| INFORMATION SUPPLIED |
####################
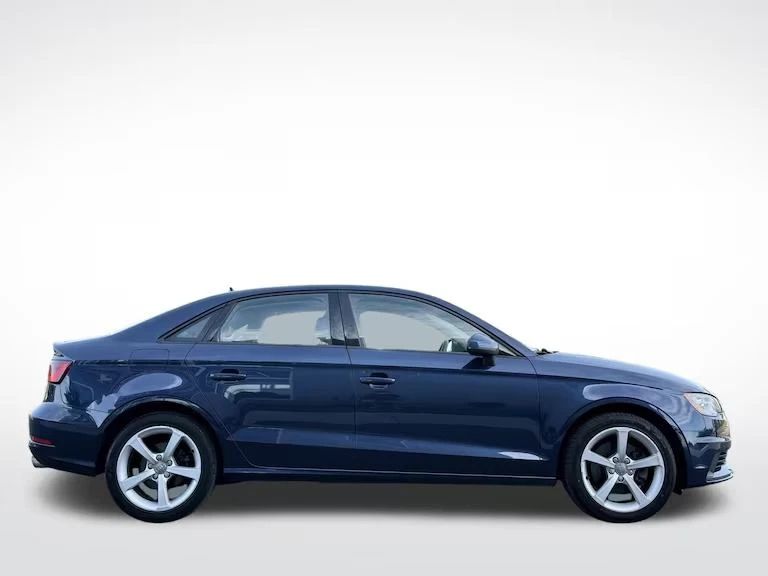 2015 Audi 8V A3 - Image 4 of 18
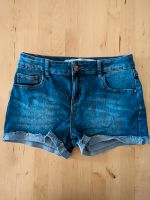 Jeansshort Gr. 158 Nordrhein-Westfalen - Frechen Vorschau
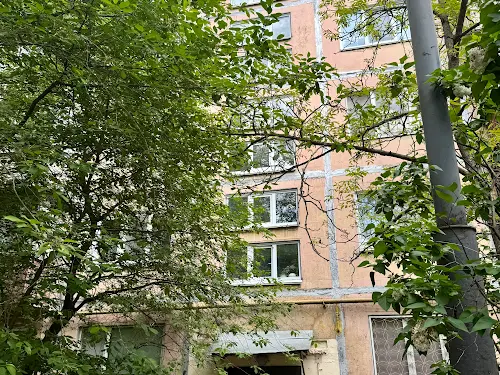 квартира по адресу Соломенская ул., 19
####################
| WHAT YOU NEED TO DO |
Nothing should be printed except the lines from the one with "Jeansshort Gr. 158" through the last line of the listing above, both ends included; please drop the pictures.

| TASK RESPONSE |
 Jeansshort Gr. 158 Nordrhein-Westfalen - Frechen Vorschau
 квартира по адресу Соломенская ул., 19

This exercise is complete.